If that’s where my mind goes, it seems I’m not alone. For that seems to be the sense in which the crowd that pursued Jesus across the lake in this morning’s Gospel took it. Yesterday (or last week for us) Jesus miraculously fed 5000 from just a handful of loaves and fishes. Little wonder they pursued him. They were having their material needs met. It was as if, through Jesus, God was on tap to meet their needs. This divine dispensing machine needs to be co-opted; this needs to be patented!
“Very truly, I tell you,” says Jesus (which, incidentally, is Bible-speak for ‘Listen up!’), “Very truly, I tell you, you are looking for me, not because you saw miracles, but because you ate your fill of the loaves.” As always, Jesus cuts to the quick of the crowd’s motivations.
“You don’t want me, you want what I can do for you.
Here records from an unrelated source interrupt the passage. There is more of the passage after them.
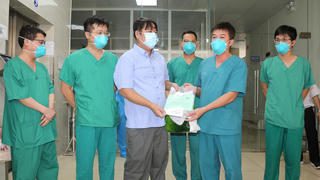 Chiến sĩ công an mắc COVID-19 nặng đã được xuất viện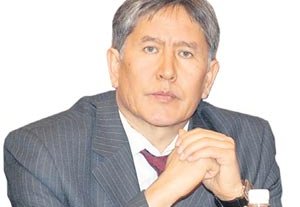 Алмазбек Атамбаев: «Каждый день в стране проходит 20 митингов, часть из-за выдачи лицензий на разработку месторождений»
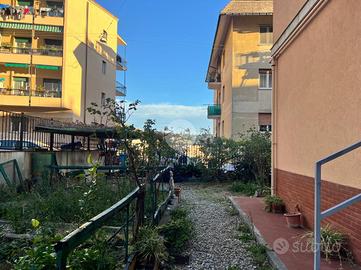 4 LOCALI A GENOVA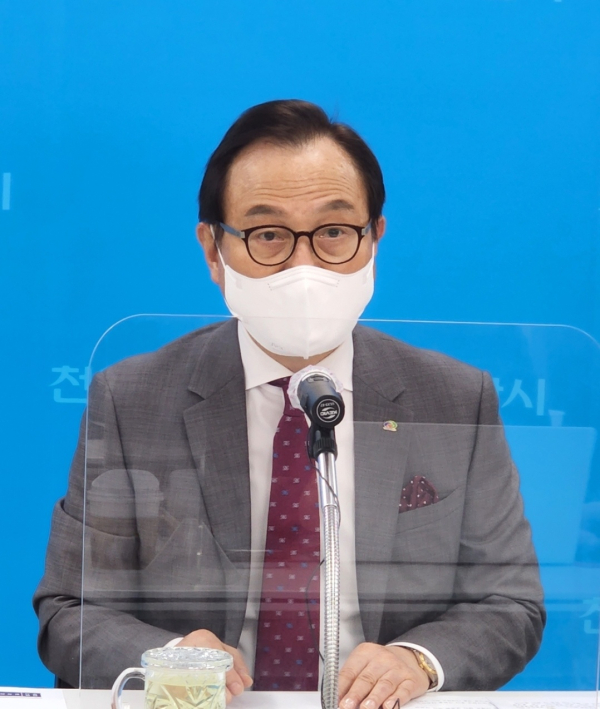 충남 재난지원금에 70억원 시비 추가 지원 발표를 하는 박상돈 천안시장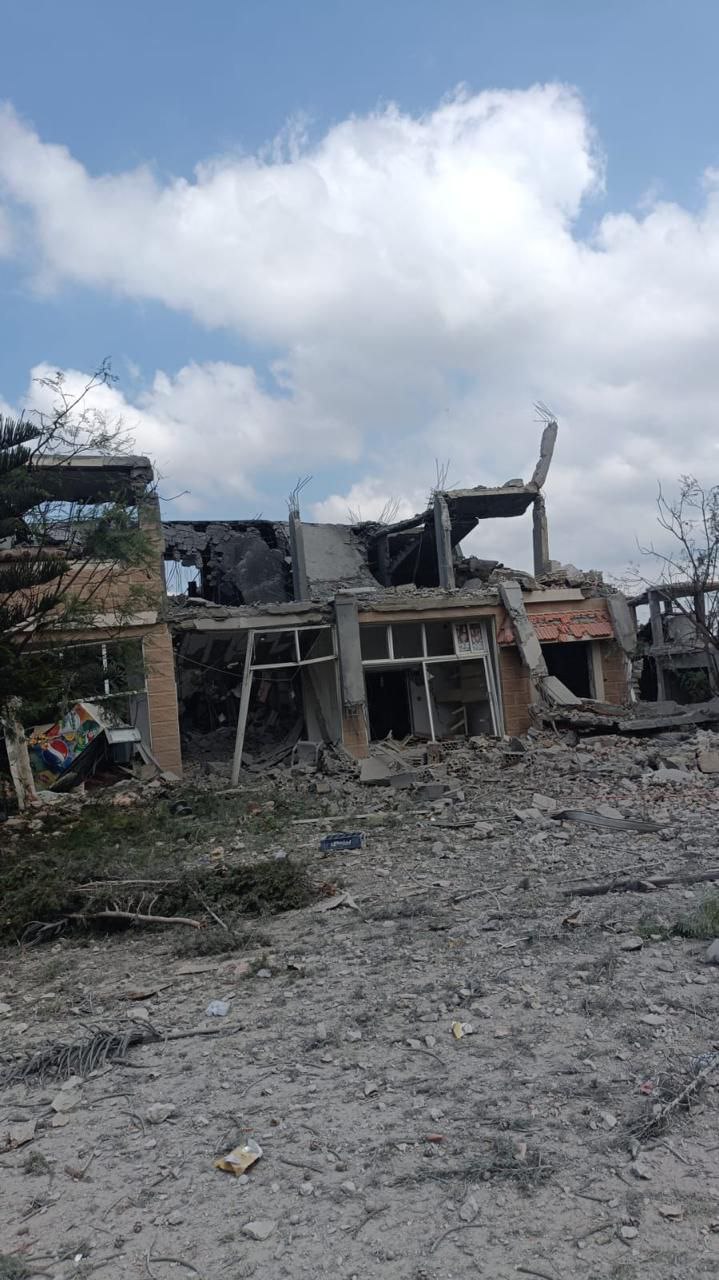 غارة صهيونية تستهدف منزلاً في بلدة الضهيرة جنوبي لبنان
That is your mistake. You are materialist, utilitarian and pragmatic.”
And so are we, I suggest … materialist, utilitarian and pragmatic. That is what we want from our religion. It must make the life we know and want, work.
Unfortunately, when Jesus sees this in us, he has a tendency to get into a boat and sail away.
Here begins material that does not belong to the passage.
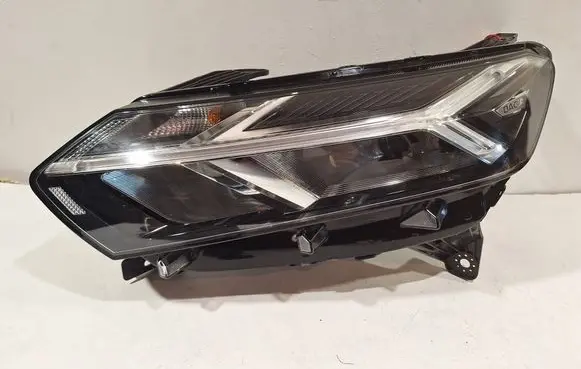 Dacia Sandero III Headlight/headlamp 260608545R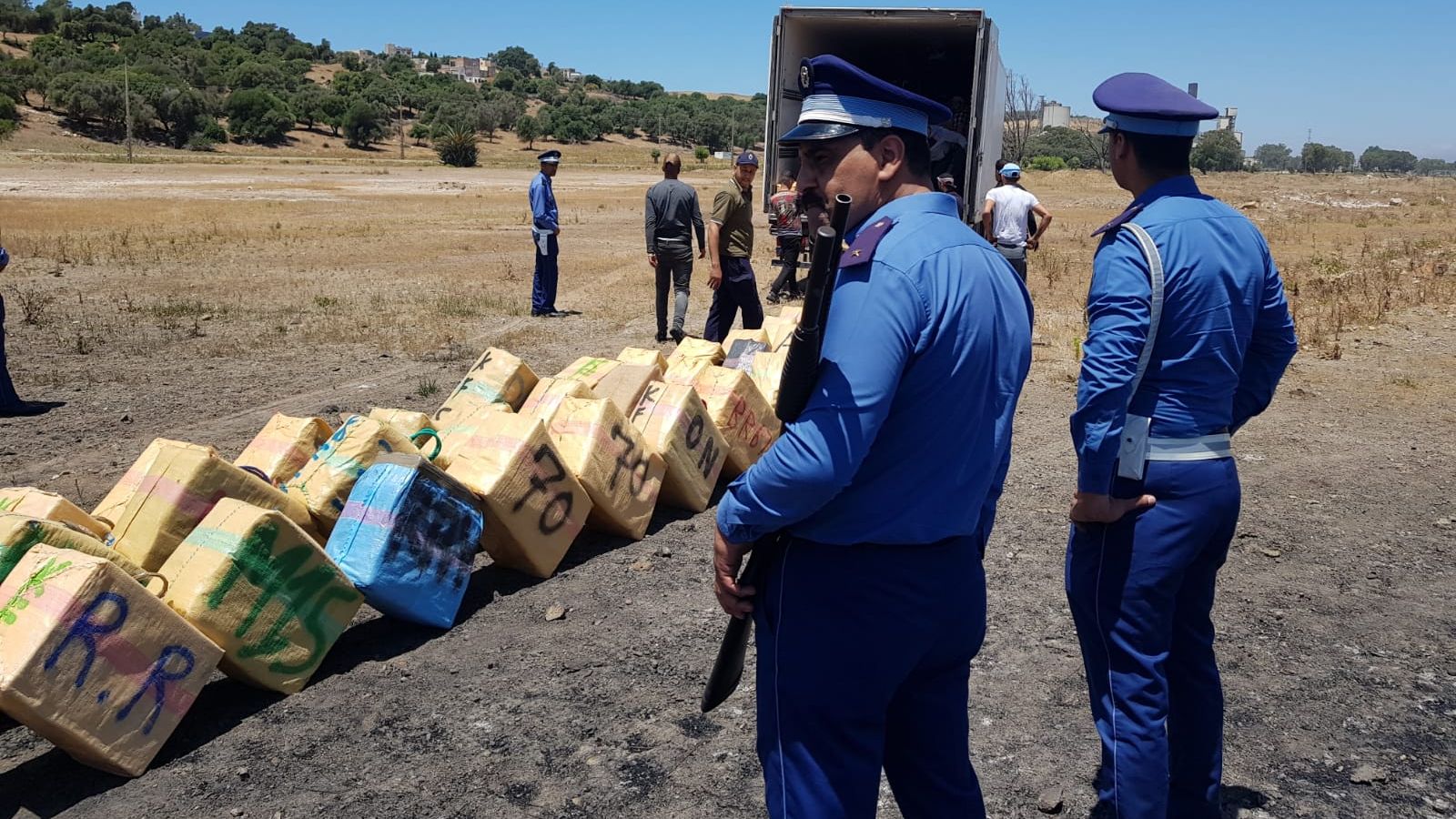 بالفيديو والصور: تفاصيل إتلاف 41 طن من الحشيش ضواحي طنجة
I wonder, incidentally, whether this hasn’t much to say about our approach to Christian evangelism. Let us apply the economics of the market. Marketing theory suggests that we should create a perceived need in our customer base, and then offer something to fill that hole. The difficult question we need to ask ourselves is: In our materialist context, when people have everything that they need, and more, why would you bother becoming a Christian? What attraction is there in a God who is simply on tap for our own needs and wants, when the market can already sate our appetites?
Give us our daily bread.
That word we translate in rather quotidian fashion ‘daily’ is ‘epiousios’ in the Greek of the New Testament. Epiousios is a hapax legomenon – a word found nowhere else in the Bible. ‘Epi’ means ‘beyond’; ‘ousios’ means ‘substance’. Epiousios, then, is ‘beyond substance’, ‘beyond stuff’.
“Give us our bread which is beyond substance – beyond stuff; give us our supersubstantial bread.”
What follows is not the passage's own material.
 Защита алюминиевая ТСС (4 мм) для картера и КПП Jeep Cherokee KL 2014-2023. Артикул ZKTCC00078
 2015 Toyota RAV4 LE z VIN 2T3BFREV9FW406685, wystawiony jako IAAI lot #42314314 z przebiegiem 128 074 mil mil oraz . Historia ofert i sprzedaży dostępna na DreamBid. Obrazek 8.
“I am the bread of life,” says Jesus. “Whoever comes to me will never be hungry, and whoever believes in me will never be thirsty.”
At the beginning of his most famous work, The Confessions, Saint Augustine gives away his conclusion. “Thou, O Lord,” he writes, “has made us for Thyself, and our hearts are restless until they find their rest in Thee.”
C.S. Lewis calls it ‘Joy’. “An unsatisfied desire which is itself more desirable than any other satisfaction. . . I doubt whether anyone who has tasted it would ever, if both were in his power, exchange it for all the pleasures in the world.”
These two Christian authors, separated by many centuries, are trying to articulate an insatiable craving, an unsatisfied desire, a deep longing – something atavistic and trans-historical which points to and finds fulfilment in God alone, despite our many failed experiments with all sorts of substitute stuff.
The Kingdom of God, which is the end of all our desiring, isn’t materiality, or utilitarian ethics, or pragmatic problem solving. It is a transcending, gratuitous, unreasonable domain where God is foremost. In this domain you have to trust in the mere mortal incarnation of Jesus from Nazareth – homoousious, of the same substance, as God the Father. Whereupon your human sufferings of hunger or thirst, poverty or humiliation, grief or loss are merely the context for the deepening of that trust, and the loosening of your addiction and dependence on the quick-fix, crowd-pleasing, junk-food, ersatz materiality, that so much religious activity devolves into.
Much to the disappointment of the crowds that pursued him, Jesus is not promising an eat-all-you-can buffet of material goodies. He is offering himself as the spiritual food that will sate our deepest hungers, and slake our deepest thirsts.
Lord, give us our daily bread. Lord give us the bread which is beyond substance. Lord, give us this bread always.